The turtles’ nesting ritual is as old as time itself, predating by thousands of years Christopher Columbus’ encounter with the sea creatures in his 1502 exploration of this sector of the coast. (Columbus first thought he was seeing rocks along the shore, according to information documenting the region’s history at the kiosk in the center of the village.)
A 1963 government decree regulating the hunting of turtles and the 1970 establishment of Tortuguero National Park halted the decline in the animals’ population.
Sebastian Troëng, until last month, scientific director of the Caribbean Conservation Corporation, an area organization engaged in extensive research in protecting the turtles’ habitat and tracking their migration, happily discusses the benefits to the local economy of keeping the animals alive rather than killing them for food.
“Conservation benefits the community,” explains Troëng, co-author of “Money Talks: Economic Aspects of Marine Turtle Use and Conservation,” a report commissioned by the World Wildlife Fund. He estimates that some 70,000 visitors pass through Tortuguero National Park annually, bringing $6.7 million to the local economy.
The turtles provide employment, too. Just under half the village residents work as guides. Despite the substantial visitor numbers, this is no free-for-all: accompaniment by a guide is required to view the turtles’ nighttime nesting rituals. Many other residents work in area hotels and restaurants.

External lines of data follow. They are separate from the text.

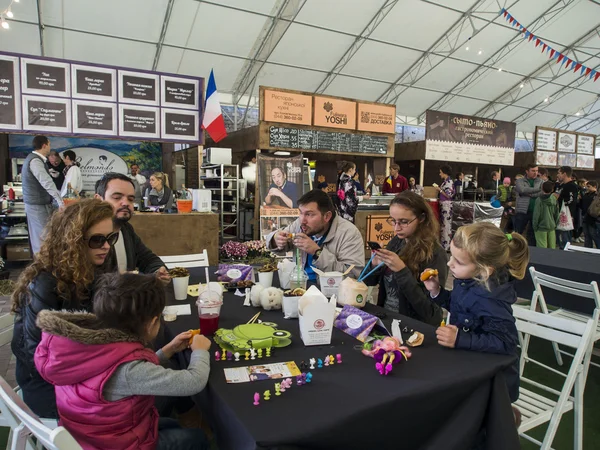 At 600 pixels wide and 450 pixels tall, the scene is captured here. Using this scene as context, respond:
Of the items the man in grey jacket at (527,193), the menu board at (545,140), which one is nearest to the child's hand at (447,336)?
the man in grey jacket at (527,193)

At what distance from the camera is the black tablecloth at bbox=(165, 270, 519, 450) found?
3.63 feet

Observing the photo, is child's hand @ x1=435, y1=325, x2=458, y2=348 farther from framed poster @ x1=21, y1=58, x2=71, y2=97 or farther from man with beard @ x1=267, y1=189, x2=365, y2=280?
framed poster @ x1=21, y1=58, x2=71, y2=97

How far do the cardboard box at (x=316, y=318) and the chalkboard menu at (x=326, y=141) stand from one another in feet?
22.0

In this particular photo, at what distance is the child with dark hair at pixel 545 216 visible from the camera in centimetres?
733

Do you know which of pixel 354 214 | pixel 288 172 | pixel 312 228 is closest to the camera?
pixel 312 228

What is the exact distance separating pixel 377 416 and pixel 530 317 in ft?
4.42

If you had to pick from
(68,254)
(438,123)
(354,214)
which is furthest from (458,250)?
(438,123)

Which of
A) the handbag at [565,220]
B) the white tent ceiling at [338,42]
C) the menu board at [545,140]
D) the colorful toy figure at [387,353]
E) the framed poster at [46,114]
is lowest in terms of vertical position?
the colorful toy figure at [387,353]

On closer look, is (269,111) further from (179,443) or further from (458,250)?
(179,443)

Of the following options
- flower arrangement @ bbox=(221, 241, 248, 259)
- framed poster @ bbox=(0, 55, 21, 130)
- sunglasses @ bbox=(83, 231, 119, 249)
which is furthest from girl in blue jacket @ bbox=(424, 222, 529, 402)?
framed poster @ bbox=(0, 55, 21, 130)

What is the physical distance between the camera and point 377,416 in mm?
1201

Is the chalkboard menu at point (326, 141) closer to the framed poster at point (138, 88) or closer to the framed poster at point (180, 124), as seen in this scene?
the framed poster at point (180, 124)

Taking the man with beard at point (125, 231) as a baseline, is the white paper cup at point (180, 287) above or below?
below

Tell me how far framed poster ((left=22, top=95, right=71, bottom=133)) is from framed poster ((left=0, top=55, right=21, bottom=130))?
95 mm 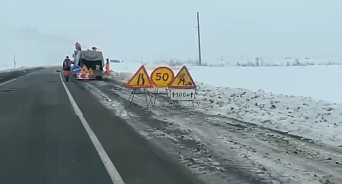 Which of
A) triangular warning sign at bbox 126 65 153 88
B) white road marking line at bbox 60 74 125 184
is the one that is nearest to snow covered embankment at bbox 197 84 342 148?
triangular warning sign at bbox 126 65 153 88

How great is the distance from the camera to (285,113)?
46.1 feet

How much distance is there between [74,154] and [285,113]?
724cm

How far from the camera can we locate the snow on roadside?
35.5 feet

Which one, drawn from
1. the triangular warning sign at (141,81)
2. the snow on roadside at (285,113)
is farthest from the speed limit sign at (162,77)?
the snow on roadside at (285,113)

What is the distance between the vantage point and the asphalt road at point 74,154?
706 centimetres

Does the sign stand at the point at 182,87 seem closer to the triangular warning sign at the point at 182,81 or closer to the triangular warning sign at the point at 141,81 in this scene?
the triangular warning sign at the point at 182,81

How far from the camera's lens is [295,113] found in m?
13.8

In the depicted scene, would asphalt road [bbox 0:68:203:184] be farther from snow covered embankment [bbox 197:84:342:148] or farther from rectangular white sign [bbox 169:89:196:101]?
snow covered embankment [bbox 197:84:342:148]

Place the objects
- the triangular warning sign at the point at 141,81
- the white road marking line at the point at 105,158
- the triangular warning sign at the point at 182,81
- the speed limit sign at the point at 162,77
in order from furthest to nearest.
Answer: the speed limit sign at the point at 162,77 < the triangular warning sign at the point at 141,81 < the triangular warning sign at the point at 182,81 < the white road marking line at the point at 105,158

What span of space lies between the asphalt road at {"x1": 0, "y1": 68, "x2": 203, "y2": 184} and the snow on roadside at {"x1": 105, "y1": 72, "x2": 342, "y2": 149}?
132 inches

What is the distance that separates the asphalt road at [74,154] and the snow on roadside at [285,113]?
11.0 ft

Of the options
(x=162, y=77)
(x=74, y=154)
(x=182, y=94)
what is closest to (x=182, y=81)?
(x=182, y=94)

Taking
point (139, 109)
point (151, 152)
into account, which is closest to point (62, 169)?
point (151, 152)

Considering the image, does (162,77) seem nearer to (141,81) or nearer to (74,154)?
(141,81) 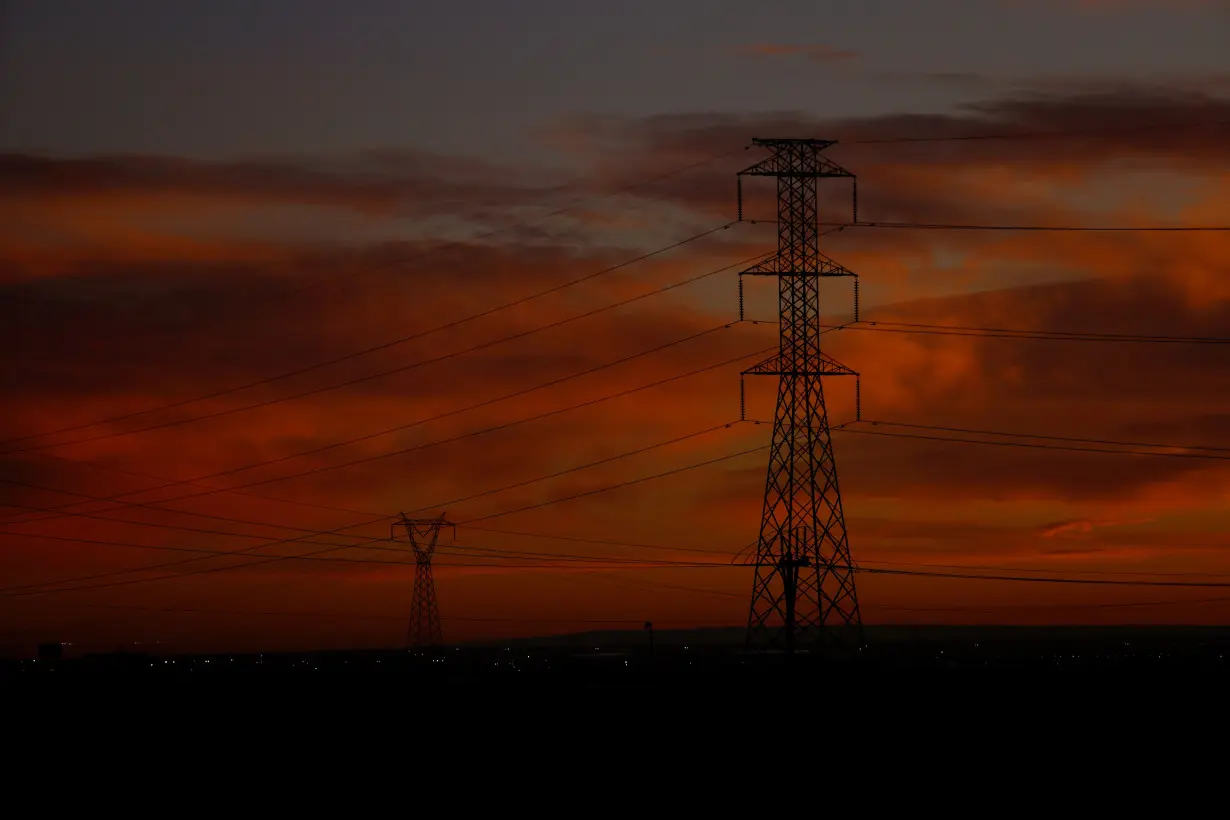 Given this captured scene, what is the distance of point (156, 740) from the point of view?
9581 cm

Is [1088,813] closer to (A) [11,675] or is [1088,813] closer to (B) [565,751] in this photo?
(B) [565,751]

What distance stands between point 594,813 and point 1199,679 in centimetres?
10480

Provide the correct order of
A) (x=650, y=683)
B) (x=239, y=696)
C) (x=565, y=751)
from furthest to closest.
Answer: (x=650, y=683) → (x=239, y=696) → (x=565, y=751)

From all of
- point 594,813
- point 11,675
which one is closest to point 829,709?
point 594,813

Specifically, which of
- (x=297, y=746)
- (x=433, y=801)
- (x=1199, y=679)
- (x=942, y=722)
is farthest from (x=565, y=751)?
(x=1199, y=679)

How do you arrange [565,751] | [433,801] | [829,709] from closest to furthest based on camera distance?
[433,801], [565,751], [829,709]

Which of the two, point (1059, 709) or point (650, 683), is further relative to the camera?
point (650, 683)

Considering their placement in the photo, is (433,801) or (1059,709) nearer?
(433,801)

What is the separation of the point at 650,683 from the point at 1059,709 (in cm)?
4961

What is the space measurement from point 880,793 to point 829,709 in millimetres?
43542

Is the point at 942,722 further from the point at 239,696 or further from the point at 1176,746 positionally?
the point at 239,696

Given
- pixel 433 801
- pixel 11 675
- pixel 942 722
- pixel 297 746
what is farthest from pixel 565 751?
pixel 11 675

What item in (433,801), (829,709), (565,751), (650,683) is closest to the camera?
(433,801)

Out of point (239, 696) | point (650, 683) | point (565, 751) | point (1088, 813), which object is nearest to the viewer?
point (1088, 813) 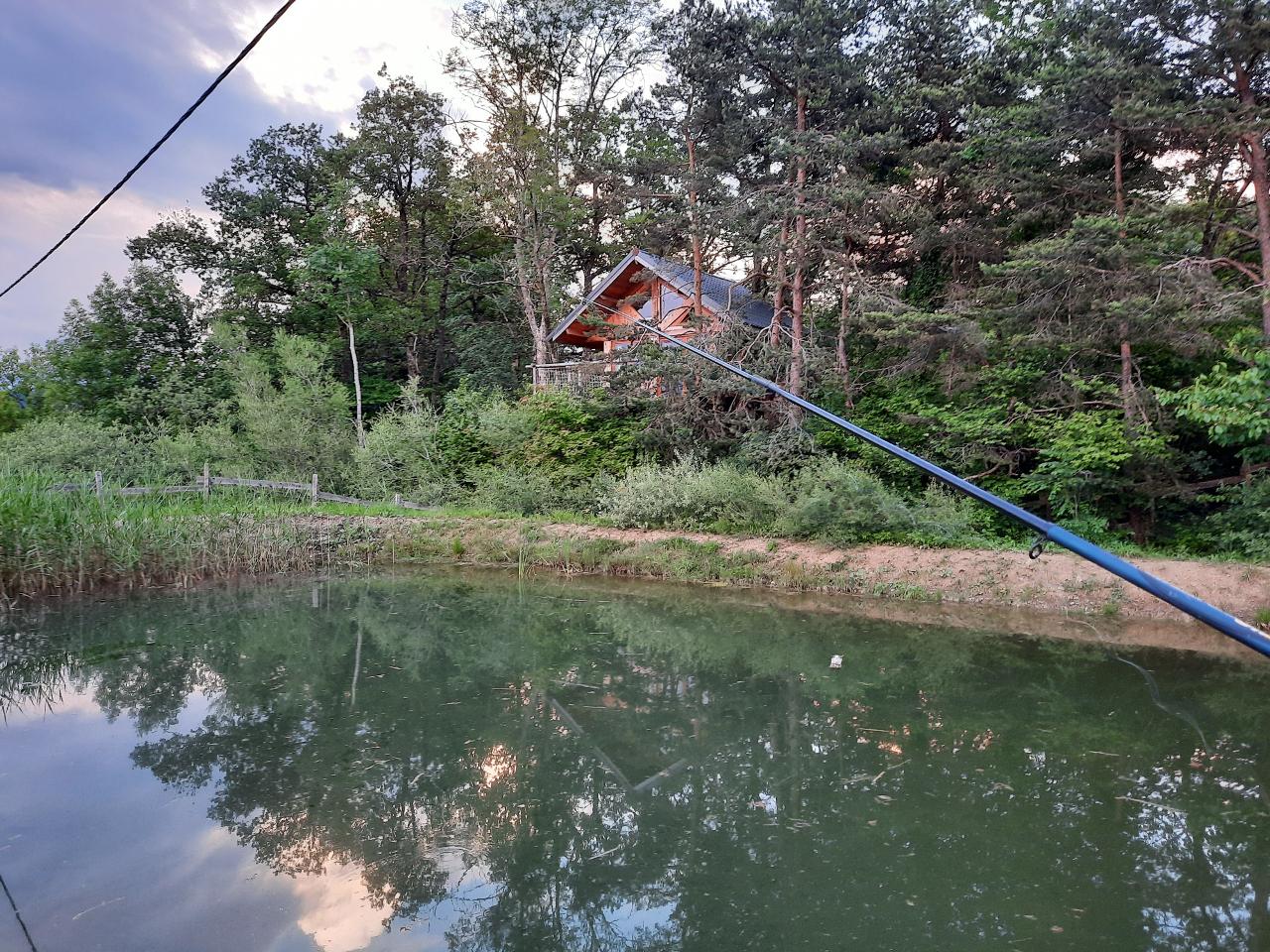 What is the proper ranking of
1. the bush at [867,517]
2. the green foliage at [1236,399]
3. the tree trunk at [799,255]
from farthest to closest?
the tree trunk at [799,255] < the bush at [867,517] < the green foliage at [1236,399]

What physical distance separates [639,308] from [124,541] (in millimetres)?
14926

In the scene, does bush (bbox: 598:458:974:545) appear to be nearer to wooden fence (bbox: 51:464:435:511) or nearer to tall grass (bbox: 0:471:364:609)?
wooden fence (bbox: 51:464:435:511)

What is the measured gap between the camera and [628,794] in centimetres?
466

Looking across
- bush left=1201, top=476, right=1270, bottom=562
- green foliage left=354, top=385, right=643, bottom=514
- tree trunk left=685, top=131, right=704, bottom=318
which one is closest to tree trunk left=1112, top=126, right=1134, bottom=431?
bush left=1201, top=476, right=1270, bottom=562

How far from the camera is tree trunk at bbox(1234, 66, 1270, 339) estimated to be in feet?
33.0

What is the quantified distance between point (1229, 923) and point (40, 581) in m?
12.3

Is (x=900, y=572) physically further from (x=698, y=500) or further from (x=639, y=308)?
(x=639, y=308)

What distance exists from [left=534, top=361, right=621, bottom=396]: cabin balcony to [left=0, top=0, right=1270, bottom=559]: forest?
827mm

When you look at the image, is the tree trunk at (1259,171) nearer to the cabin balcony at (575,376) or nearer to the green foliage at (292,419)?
the cabin balcony at (575,376)

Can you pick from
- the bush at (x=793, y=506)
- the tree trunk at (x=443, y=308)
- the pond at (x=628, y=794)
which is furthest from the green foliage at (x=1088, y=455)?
the tree trunk at (x=443, y=308)

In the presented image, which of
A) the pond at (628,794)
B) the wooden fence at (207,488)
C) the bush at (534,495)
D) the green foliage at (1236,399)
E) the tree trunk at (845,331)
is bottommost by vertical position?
the pond at (628,794)

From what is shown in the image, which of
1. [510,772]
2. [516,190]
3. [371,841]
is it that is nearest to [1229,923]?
[510,772]

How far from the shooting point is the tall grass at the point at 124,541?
9.48m

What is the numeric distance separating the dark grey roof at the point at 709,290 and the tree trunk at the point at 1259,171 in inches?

Rain, or lack thereof, doesn’t define the tourist season in Tortuguero. (It rains here most of the year.) Tortuguero’s prime visitor activity skews its high tourist season to a February-to-October one, with the July-to-October nesting season for green turtles drawing the most visitors. But come here during Christmas week and you might have the place to yourself.
Then and Now
“Nothing but birds, turtles and monkeys,” remembers 68-year-old Junie Martínez of her childhood in the village. There was also no light, no radio and no telephones.
By most accounts, Martínez is the doyenne of Tortuguero, known to everyone as simply “Miss Junie.” (Older women in Caribbean communities are frequently addressed as “Miss,” regardless of their marital status.)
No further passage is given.